As the lone returning starter, Simons was the focal point of the 1992 “rebuilding.” The stat line from 1991 might not have generated much confidence in the senior’s ability to propel his ‘92 team to the level of its predecessors. As a junior, Jeff had averaged 6.3 points and 5 rebounds; not bad, but not marks that projected to championship expectations. However, the 2.5 steals and 50% three point shooting (64 / 128) revealed some potential. In a post season interview in 1991, Simons had indicated he would be looking to be more of a scorer in ‘92 and Coach Anderson endorsed his senior leader in a preseason interview in which he indicated that “Jeff has been shooting the ball very well in practice and we feel confident that he can continue to do so.” Simons would not disappoint his coach as he would average 15 points. And the senior captain would put up 3.5 steals from his wing position in the renowned Wahoo 1-3-1 zone.
Trent Toline had started several games in 1991 and was the inside sub for the Warriors undefeated team. He had averaged 9.2 points and 5.8 rebounds , shooting 58% from the field. The 6’5” senior was the heir to the Wahoo inside game that had traditionally been a dominant force. In his senior year, Trent would start all the games and up his scoring average to 16.3 while maintaining his fieldgoal percentage. Playing the middle of the Wahoo zone, Toline averaged 5.5 rebounds.
Joel Weyand started a number of games in the middle of the 1991 season and would be stepping into the point guard position that had been manned by Troy Glock and Ryan Eddie during the Warriors championship runs. With big shoes to fill (both Glock and Eddie were going on to play small college basketball at Nebraska Wesleyan and Midland respectively), Weyand brought some impressive stats to the 1992 table with an 8.8 scoring average from ‘91 along with 3.5 assists and 2.5 steals and a 56% shooting percentage. As a full time starter in 1992, Joel would average 14.7 points, continuing to shoot over 50%. Joel’s assist average would increase to 5.6 and he would average 2.9 steals per game from his point position on the 1-3-1.

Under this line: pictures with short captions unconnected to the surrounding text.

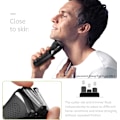 Miniatyrbillede 3 af 4: Barberhoved til Philips S5000 S5370 S5571 S5420 S5140 S5078 -sort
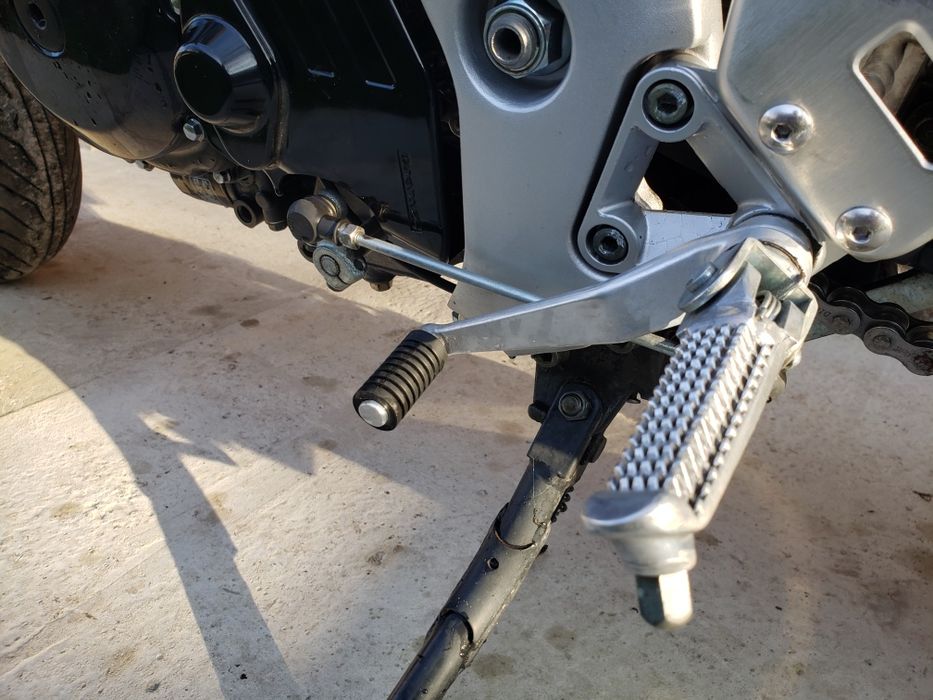 Suzuki SV650S без пробігу по Україні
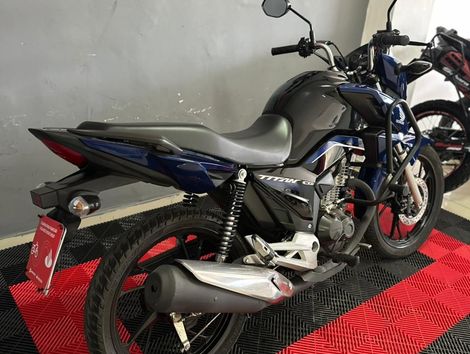 HONDA CG 160 TITAN FLEXONE/Ed.Especial 40 Anos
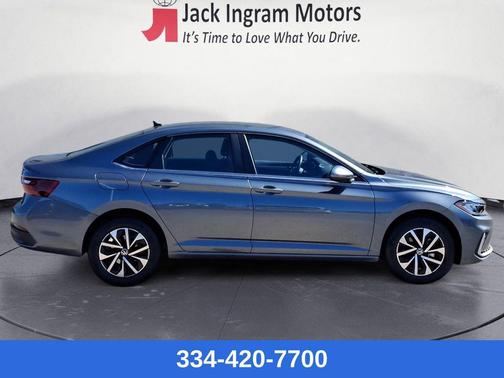 2025 Volkswagen Jetta 1.5T S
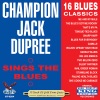 Sings the Blues - 16 Blues Classics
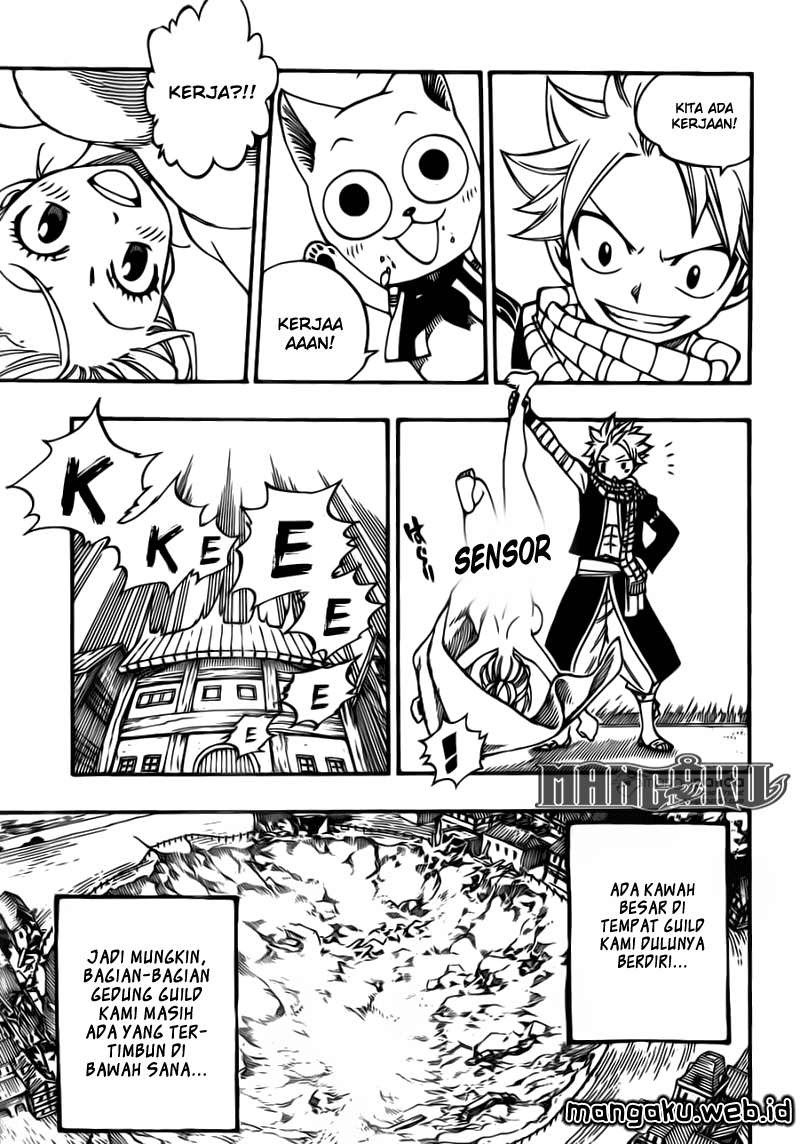Fairy Tail — Chapter 438, halaman 6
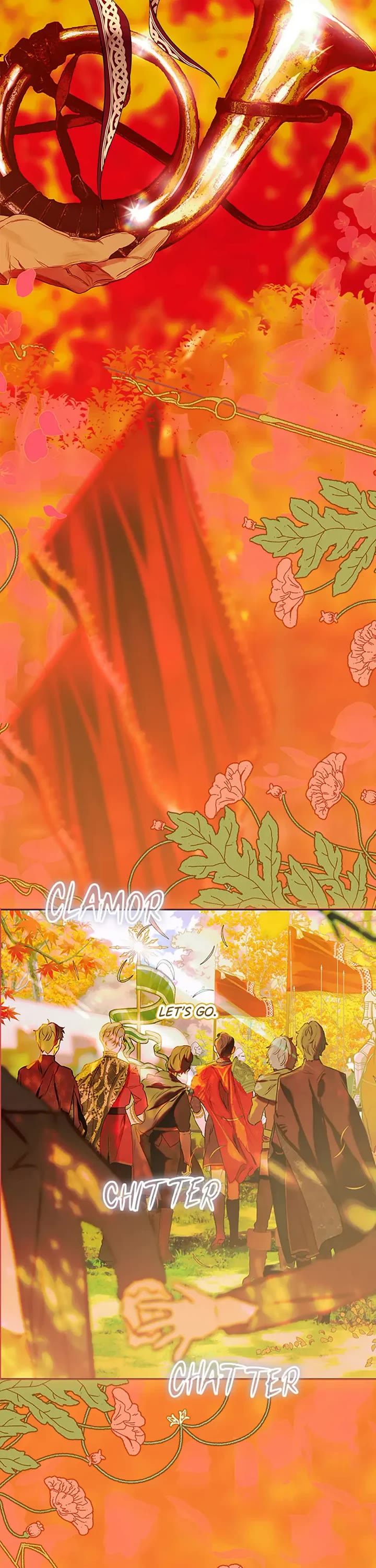 My Mom Entered A Contract Marriage chapter 76 page 26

Justin Anderson got the nod as another perimeter starter after averaging 4.8 points in 1991. He had shot 49% on three pointers (40 / 82). Justin would be the fourth Warrior to average double figures in ‘92 with 12 points and his three point shooting would continue to sizzle at a 48% rate (30/79)). Playing the wing opposite Simons, Justin would average 4.2 rebounds.
Ryan Glock claimed the starting position on the baseline of the 1-3-1. Glock had the least varsity experience of the new starters and won his position as the “role player” that Anderson coached teams had always produced, in the tradition of Cliff Kreizel, Rob Brigham, Troy Johnston and Jeff Simons during his junior year. And while Glock’s play in that position would be productive, he would eventually be supplanted by a scoring machine that was tough to keep out of the starting group.
In evaluating his new lineup, Coach Anderson noted that “this group has been waiting for its chance.” That was indeed true, as the 1992 Warriors knew they were perceived as being less of a team than the ones that had won four consecutive Class B titles and produced a 90 game win streak. Individually, they were somewhat unknown. The previous March, Simons, Toline, Weyand and Anderson had all tried out for the Nebraska Basketball Development Association team. A disappointed group drove home from the University of Nebraska Omaha fieldhouse as none even made it to the final group that night. When the team competed that summer at the University of Nebraska team camp, soundly defeating several Class A teams, an opposing coach would ask where these guys were during the NBDA tryouts. Coach Anderson would reply with a slight smile, “they got cut.” The 1992 Warriors were a talented group of “inexperienced” players who Stu Pospisil of the Omaha World Herald portrayed as “understudies in that long running production called Wahoo,” who had a little chip on their shoulders and were ready for what Stu Pospisil called their “starring roles.”